Brendan Hokowhitu has reflected quite a bit on what it means to be indigenous. “It seems like an easy question, but it’s quite complex,” says Dr. Hokowhitu, who was recently appointed dean of the faculty of Native studies at the University of Alberta.
Dr. Hokowhitu is a member of an indigenous people, but not from Canada – he is a native Maori of New Zealand. There are some commonalities between the Aboriginal Peoples of the two countries, he observes, but “as I get to understand the cultures here [in Canada], I see how diverse they are and how different we are.” Nevertheless, “the land is the common denominator in terms of how we define indigeneity – the connection to and spirituality with the land.” In the political context, “that notion has transformed into being first of these lands, and that kind of holds political weight.”
Global interactions among indigenous peoples have created a political force that is based on similar challenges all coming out of colonization, he adds, such as the reclamation of land, language and culture. “When we get to conferences, we are all saying similar things and trying to understand similar methods of improving things for our peoples.”

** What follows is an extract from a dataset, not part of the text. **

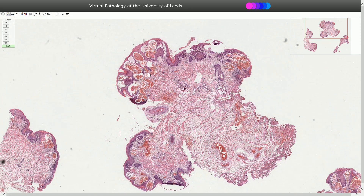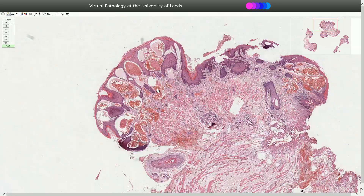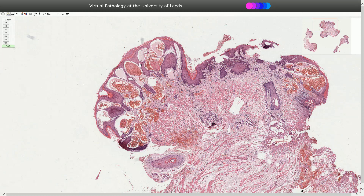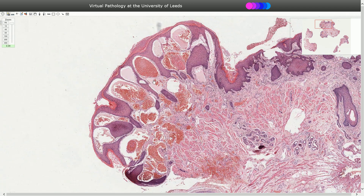This is the skin of the scrotum, and on higher magnification we can see marked ectasia of papillary dermal blood vessels. Quite typical for angiokeratoma is that these blood vessels herniate into the epidermis, resulting in the appearance of intraepidermal blood vessels.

Dr. Hokowhitu comes to Alberta from New Zealand’s University of Otago, where he built a strong research reputation in areas such as indigenous culture and theory, indigenous sport and ideas of masculinity. He is also known for his educational outreach, having developed an online indigenous studies program leading to a master’s degree.
He sees his appointment at the faculty of Native studies as a great opportunity; he already has connections with several U of A colleagues with whom he co-edited a book. “It’s going to be challenging for me – I’ve only been here for a few months. But by the same token it’s going to be good, too. There is this kind of instant recognition of what both our peoples are trying to achieve, and a lot of people are excited that I’m here.”